I have my bunny Acacia in my room with me currently. I like to believe me getting cramped up studying on the bed (my last paper for the term is due tomorrw) is a good bonding exercise and a chance for her to get out of her condo and not be tormented by the cat. 
So I was sitting here with nothing else to distract me from actually writing my paper and I spotted the cat's laser. Grabbed the camera and here we go! 

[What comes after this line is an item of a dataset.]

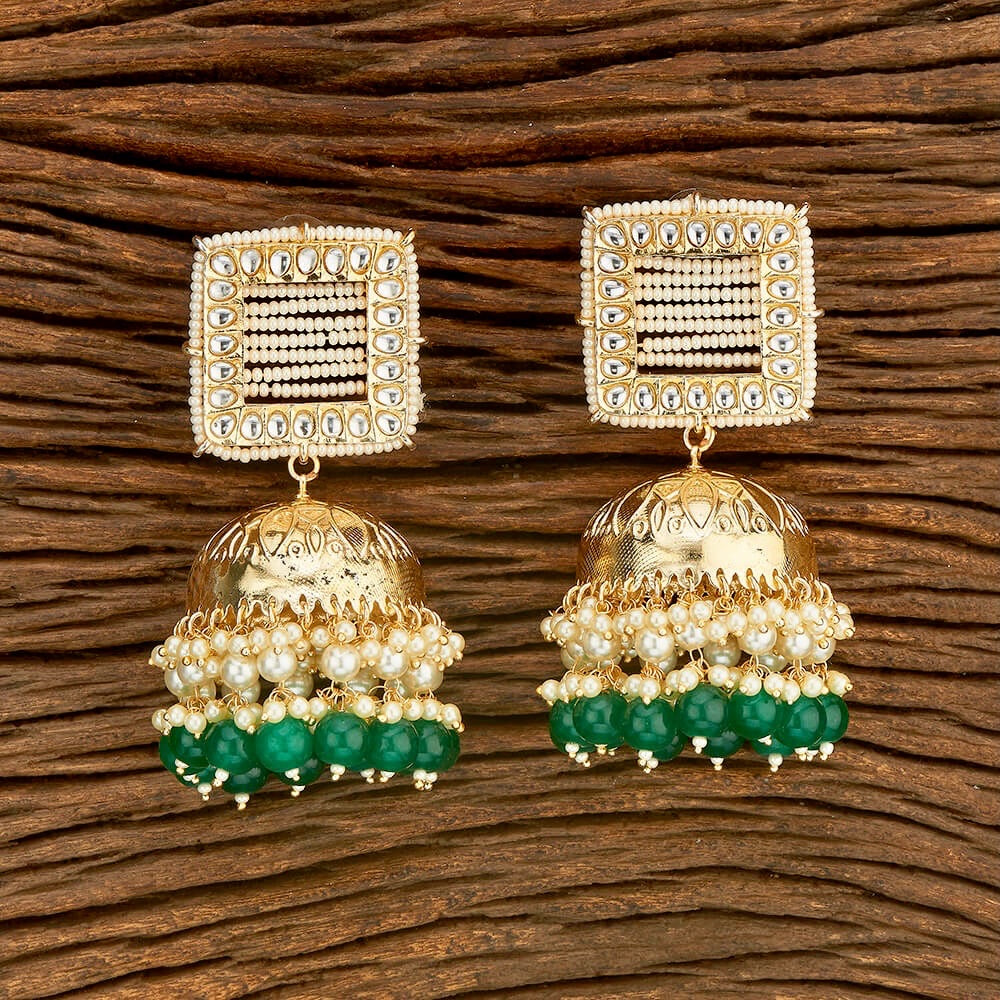 Moti Square Net Big Jhumkas - Green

http://www.youtube.com/watch?v=hIGqG21kfsI


----------



## Tazman (Jan 15, 2012)

Accidentally shone mine for my cat into my 180g tank, the fish went nuts chasing it.


----------



## Laki (Aug 24, 2011)

I used it on my fish before too!! I don't do it as often because I'm scared to death of shining it in their eyes!


----------



## Romad (Jun 28, 2009)

Cute bunny! I never thought to try that on fish :hmm:


----------



## 1077 (Apr 16, 2008)

Once asked a young man nicely at movie theater, to quit with the laser but he persisted.
I was then escorted along with girlfriend from the theater by police after popping the offender in the nose and bustin up his toy.
I asked him nicely...


----------



## Tazman (Jan 15, 2012)

Lol 1077


----------



## Jessicatm137 (Mar 22, 2012)

That is a cute video!


----------



## Laki (Aug 24, 2011)

Thanks!


----------



## Hanky (Feb 1, 2012)

Thats funny

Moral of the story? Dont mess with 1077


----------



## lilyth88 (Mar 15, 2012)

Make sure you don't get em in the eyes.


----------



## Laki (Aug 24, 2011)

lol when it reflects off the floor and shines in their face.. Not that funny at all but when my cat's under the bed he looks awesome and devilish in the red glow


----------



## LuckyBlue (Mar 26, 2012)

1077 said:


> Once asked a young man nicely at movie theater, to quit with the laser but he persisted.
> I was then escorted along with girlfriend from the theater by police after popping the offender in the nose and bustin up his toy.
> I asked him nicely...


Guess you didn't get to finish watching the movie........:shock:


----------